I’m going to rerun five posts I wrote back in 2009 about life in Maku‘u and my family there. Every Monday I’ll post another one, and here is the first.
My Kamahele Family in Maku‘u
Today I was thinking about my Kamahele family and especially my grandmother Leihulu’s brother, Ulrich Kamahele.
Everybody knew him as Uncle Sonny, as if there was only one “Uncle Sonny” in all of Hawai‘i. He was a larger-than-life character. In a crowd, he dominated by the sheer force of his personality. Since I have been thinking about him, I thought I would write a several-part story about Maku‘u.

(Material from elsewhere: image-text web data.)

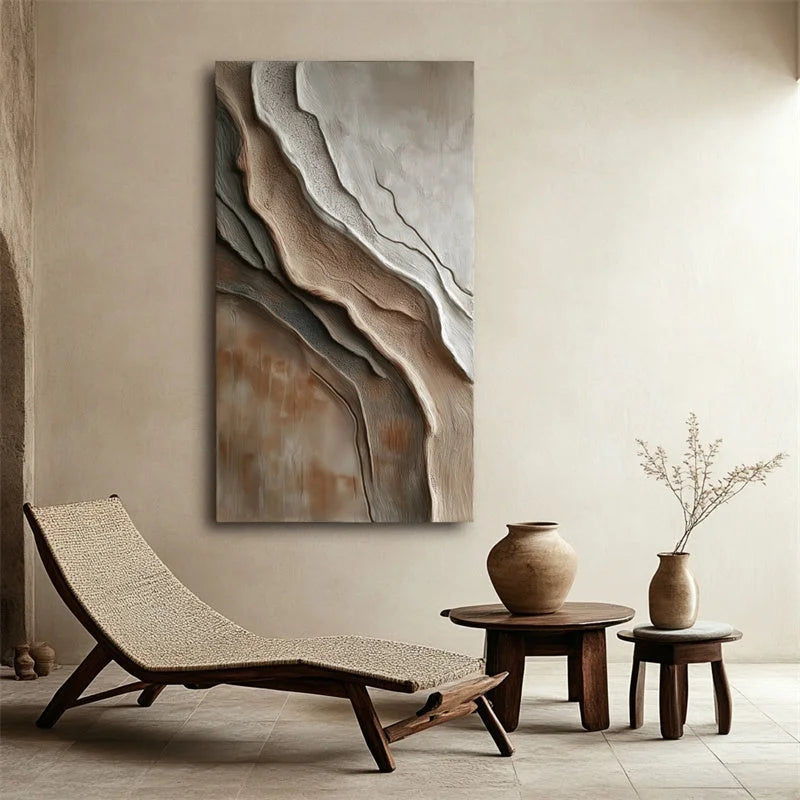 Multicolor Earth Layers Textured Depth - Artwallpainting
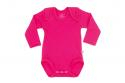 Wooden Buttons romper lange mouwen cyclaam roze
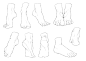 绘画练习4/100 : ✨人体脚部绘画练习，素材来源于网络 #绘画  #人体结构练习  #脚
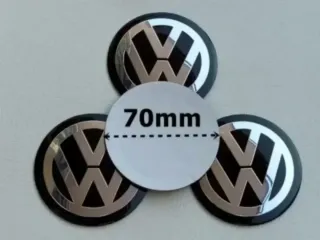 70mm Emblemas para Centro Llantas Ruedas Tapabujes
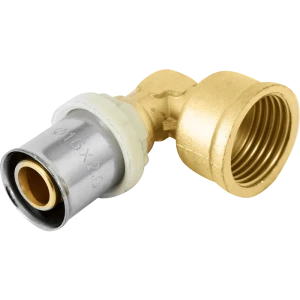 Уголок AQUABEAM 90° для труб 16 мм × 1/2" - латунный фитинг для водоснабжения 82275213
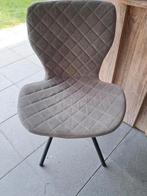 Stoel kwantum lichtgrijs lucca, Huis en Inrichting, Stoelen, Ophalen, Zo goed als nieuw, Grijs, Eén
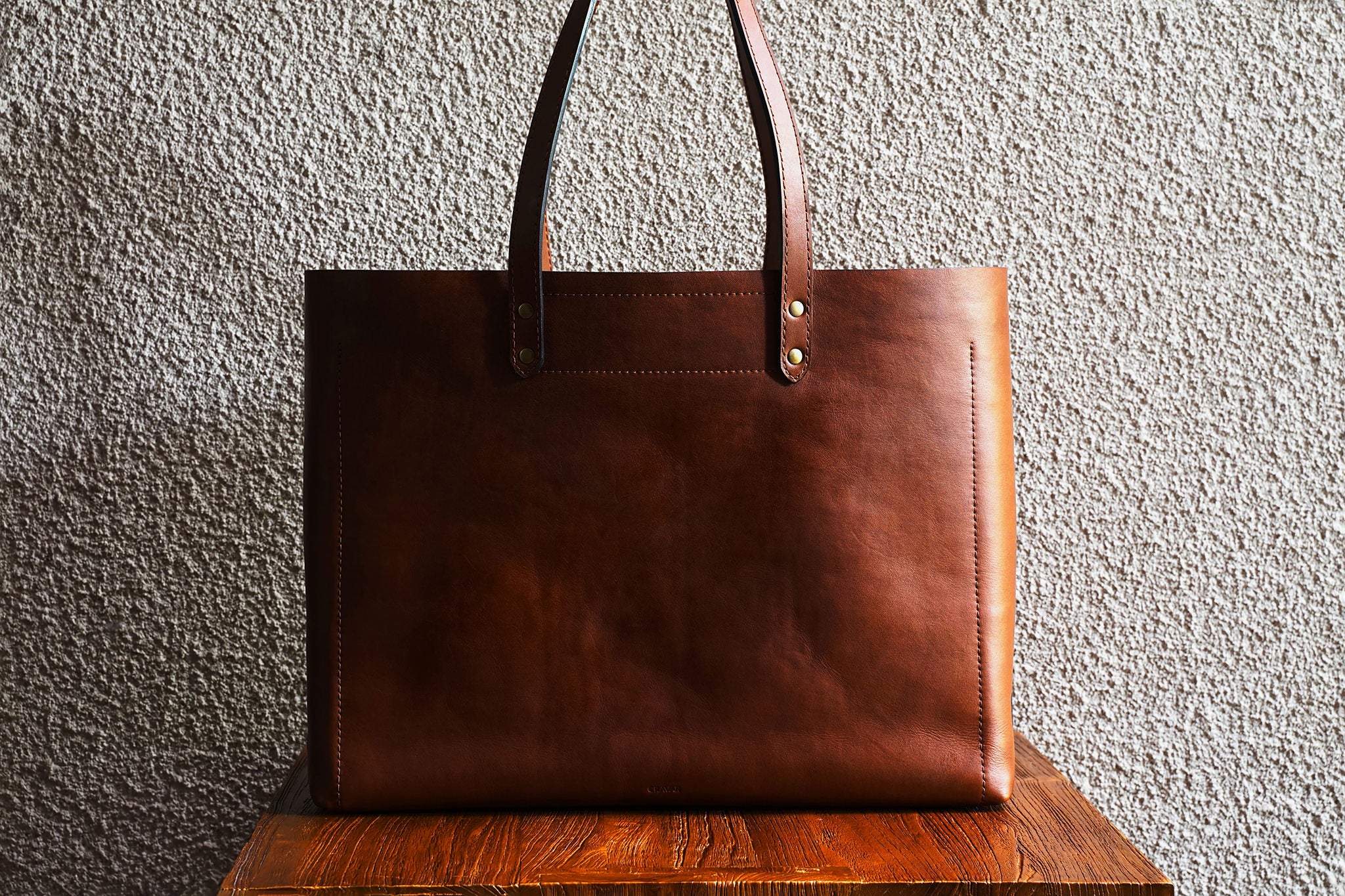 Wide Tote/Vintage Brown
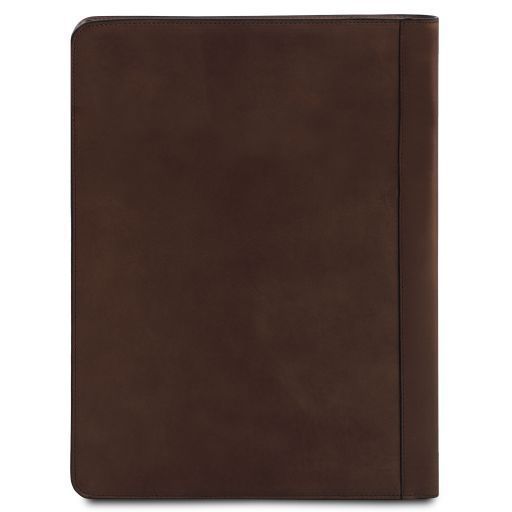 Leather document case Tuscany Leather Tiberio, Dark Brown
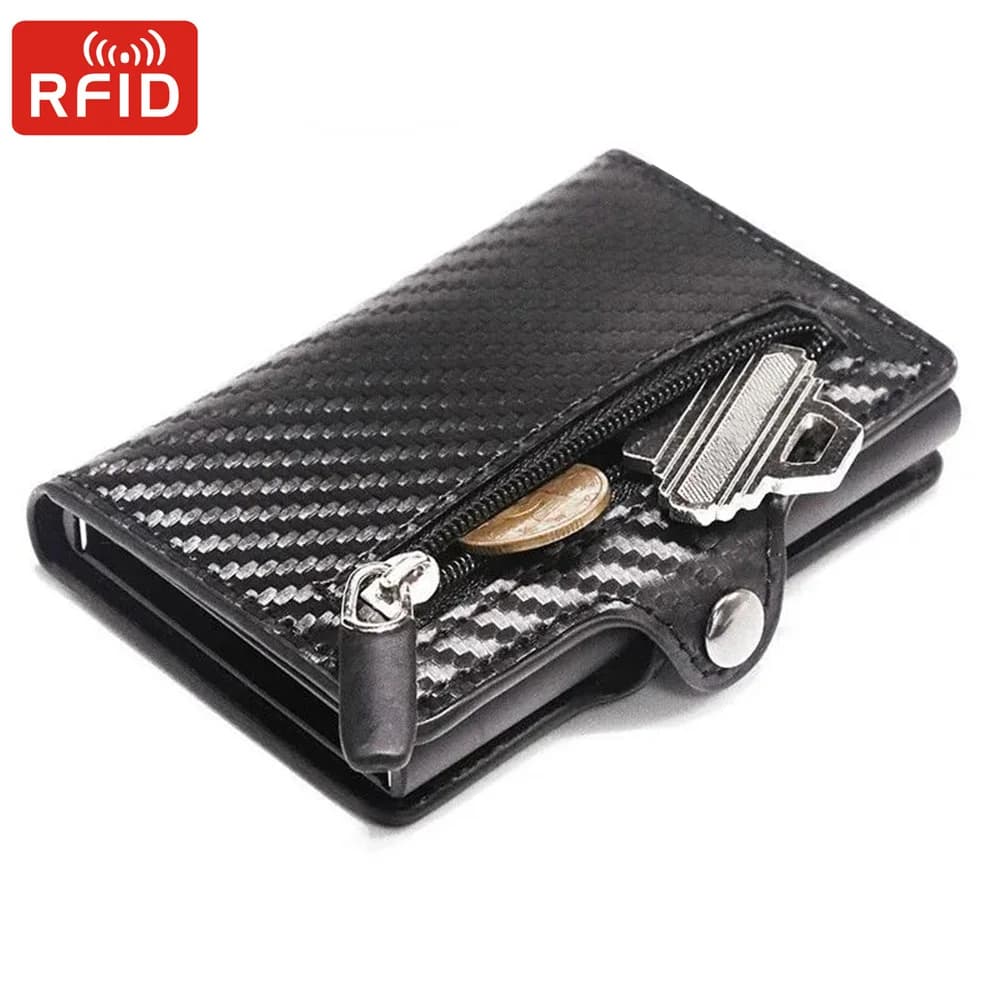 Anti Thief Rfid Credit Card Holder Smart Minimalist Wallet Pocket Men Women Slim Cardholder Bank Cash Creditcard Case Bag Purse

My extended Kamahele family came from Maku‘u. When we were small kids, Pop took us in his ‘51 Chevy to visit.
He turned left just past the heart of Pahoa town, where the barbershop is today. We drove down that road until he hit the railroad tracks, and then turned left on the old railroad grade back toward Hilo. A few miles down the railroad grading was the old Maku‘u station. It was an old wooden shack with bench seats, as I recall. That is where the train stopped in the old days. A road wound around the pahoehoe lava flow all the way down the beach to Maku‘u. That was before there were the Paradise Park or Hawaiian Beaches subdivisions.

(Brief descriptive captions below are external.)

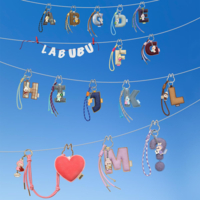 Колекційний брелок-сюрприз Pop Mart The Monsters Pin for Love Letter N-Z (MPFL-01)
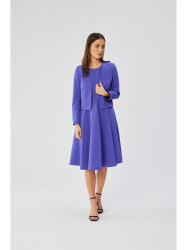 S368 Atviras trumpintas švarkas - violetinės spalvos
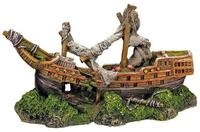 Nobby Aquariendeko Aquariendekoration Boot mit gebrochenem Masten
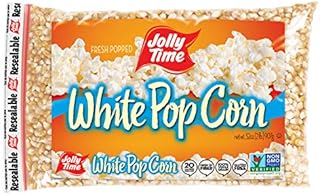 Jolly Time White Popcorn Kernels | Bulk Bags Of Tender Non- GMO & Gluten Free Gourmet Popping Corn, 2 Lb. Bags (Pack Of 12)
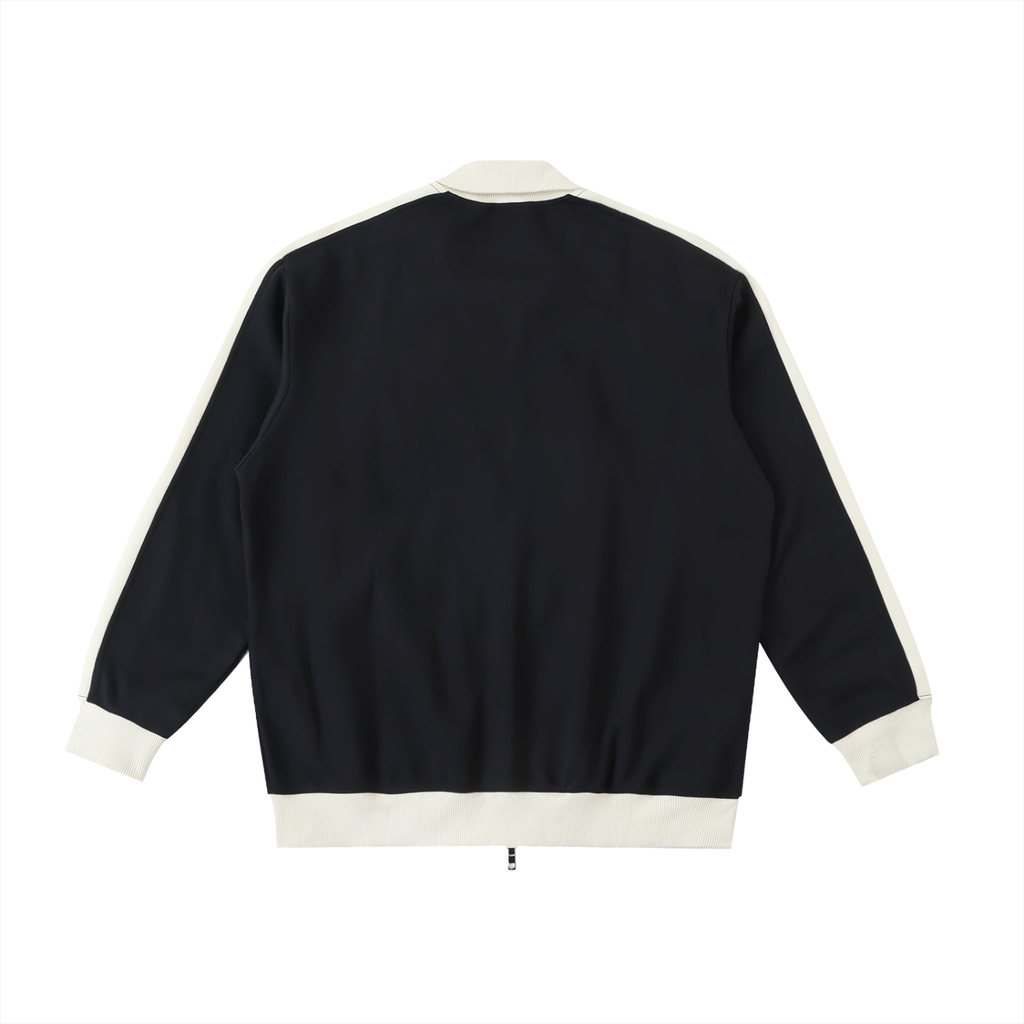 Contrast Trim Stand Collar Jacket - Premium Streetwear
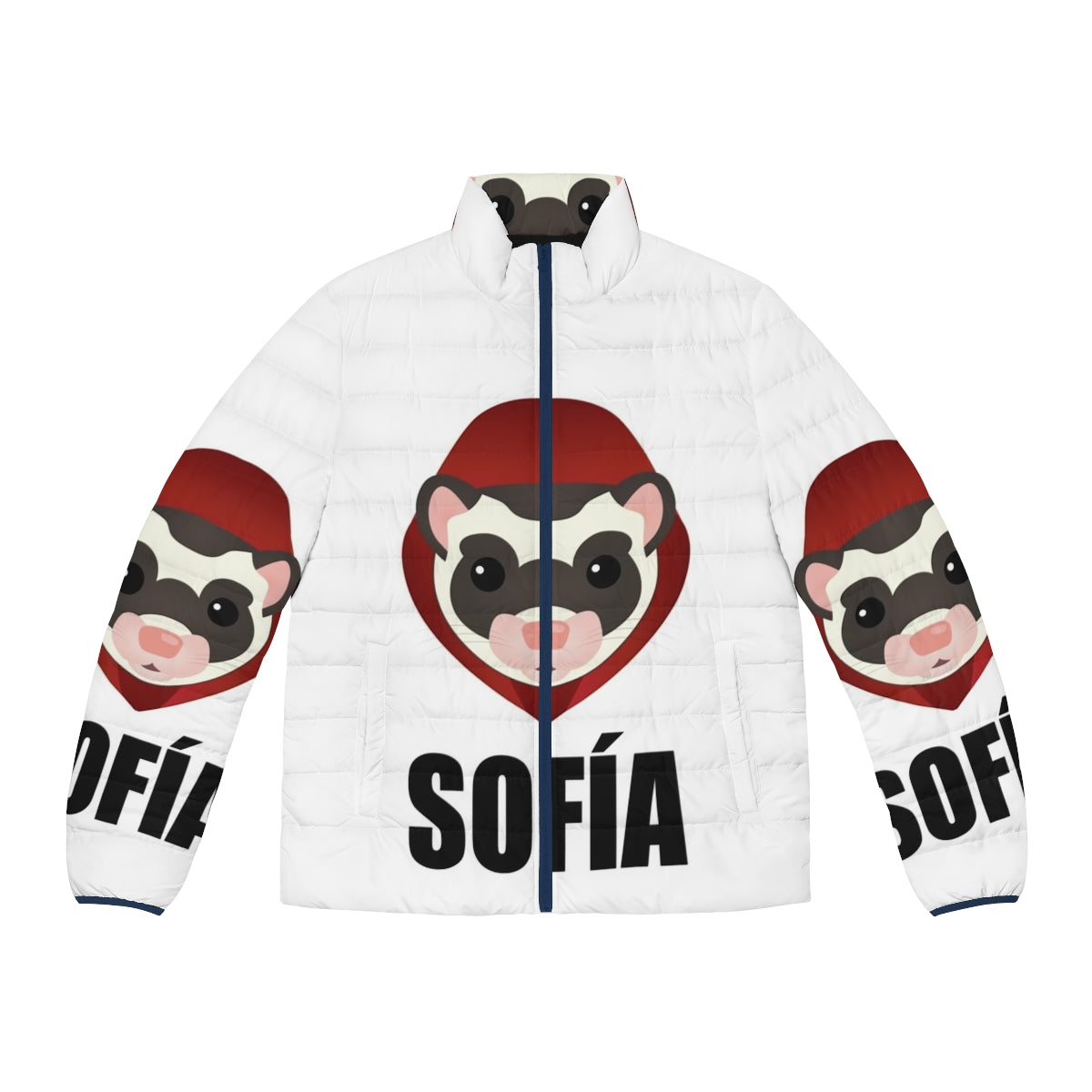 Money Heist La Casa De Papel Sofia Puffer Jacket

We did not know there was a district called Maku‘u; we thought the family compound was named Maku‘u. Of the 20-acre property, maybe 10 acres consisted of a kipuka where the soil was ten feet deep. The 10 acres on the Hilo side were typical pahoehoe lava. The property had a long oceanfront with a coconut grove running the length of the oceanfront. It was maybe 30 trees deep and 50 feet tall.

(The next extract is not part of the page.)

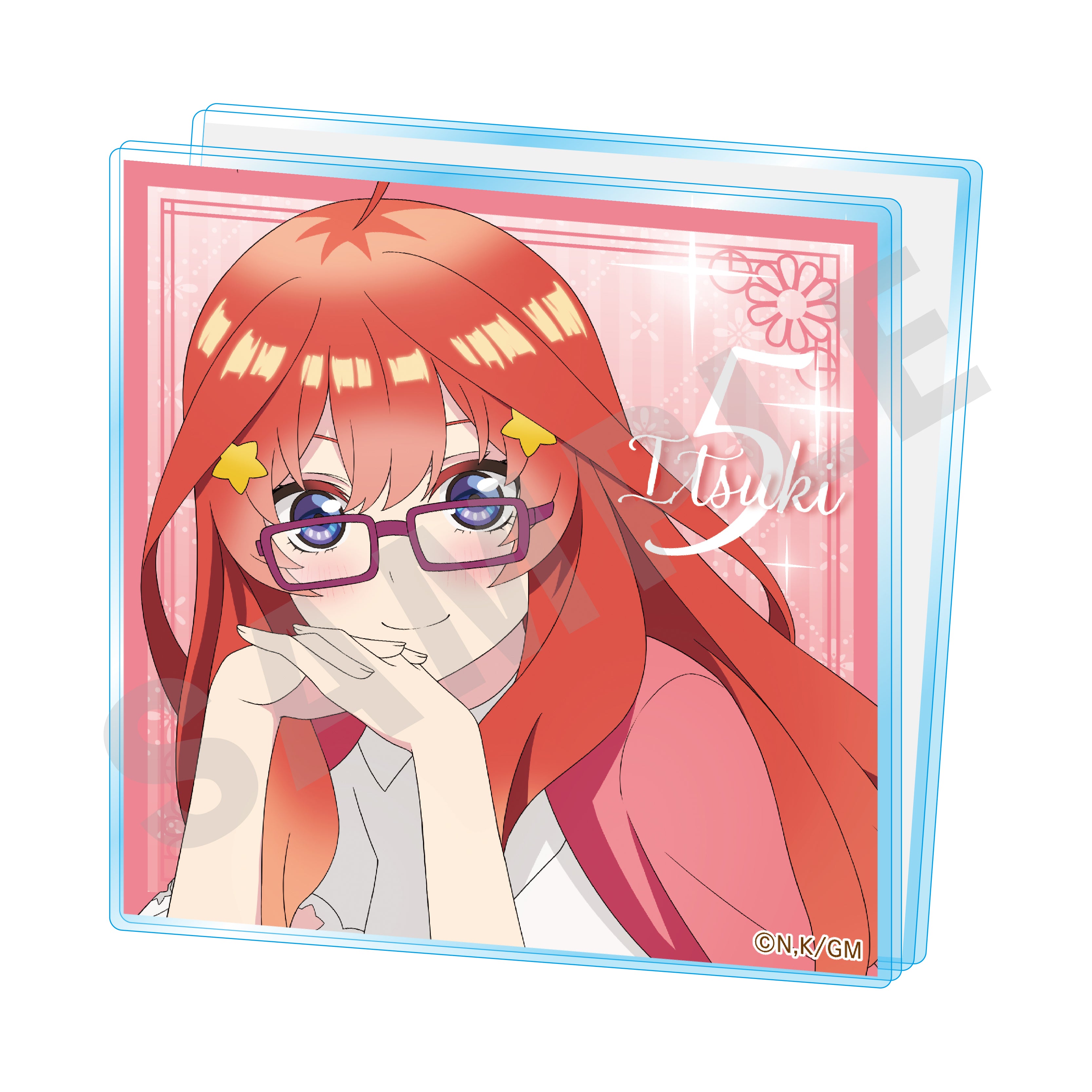 映画「五等分の花嫁」アクリルクリップ 中野五月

The old-style, two-story house sat on the edge of a slope just behind the coconut grove. If I recall correctly, it had a red roof and green walls. Instead of concrete blocks as supports for the posts, they used big rocks from down the beach.
There was no telephone, no electricity and no running water. So when we arrived it was a special occasion. We kids never, ever got as welcome a reception as we got whenever we went to Maku‘u.
The person who was always happiest to see us small kids was tutu lady Meleana, my grandma Leihulu’s mom. She was a tiny, gentle woman, maybe 100 pounds, but very much the matriarch of the family. She spoke very little English but it was never an issue. We communicated just fine.
We could not wait to go down the beach. Once she took us kids to catch ‘ohua—baby manini. She used a net with coconut leaves as handles that she used to herd the fish into the net. I don’t recall how she dried it, but I remember how we used to stick our hands in a jar to eat one at a time. They were good.
She would get a few ‘opihi and a few haukeuke and we spent a lot of time poking around looking at this sea creature and that.
Between the ocean in the front and the taro patch, ulu trees, bananas and pig pen in the back, there was no problem about food. I know how Hawaiians could be self-sufficient because I saw it in action.
The house was full of rolls of stripped lauhala leaves. There were several lauhala trees and one was a variegated type. I don’t recall if they used it for lauhala mats but it dominated the road to the house.
There were lauhala mats all over the place, four and five thick. There was a redwood water tank, and a Bull Durham bag hung on the kitchen water pipe as a filter.
Years later when I showed interest in playing slack key, I was given Tutu’s old Martin guitar.
She played it so often that the bottom frets had indentations in it where her fingers went.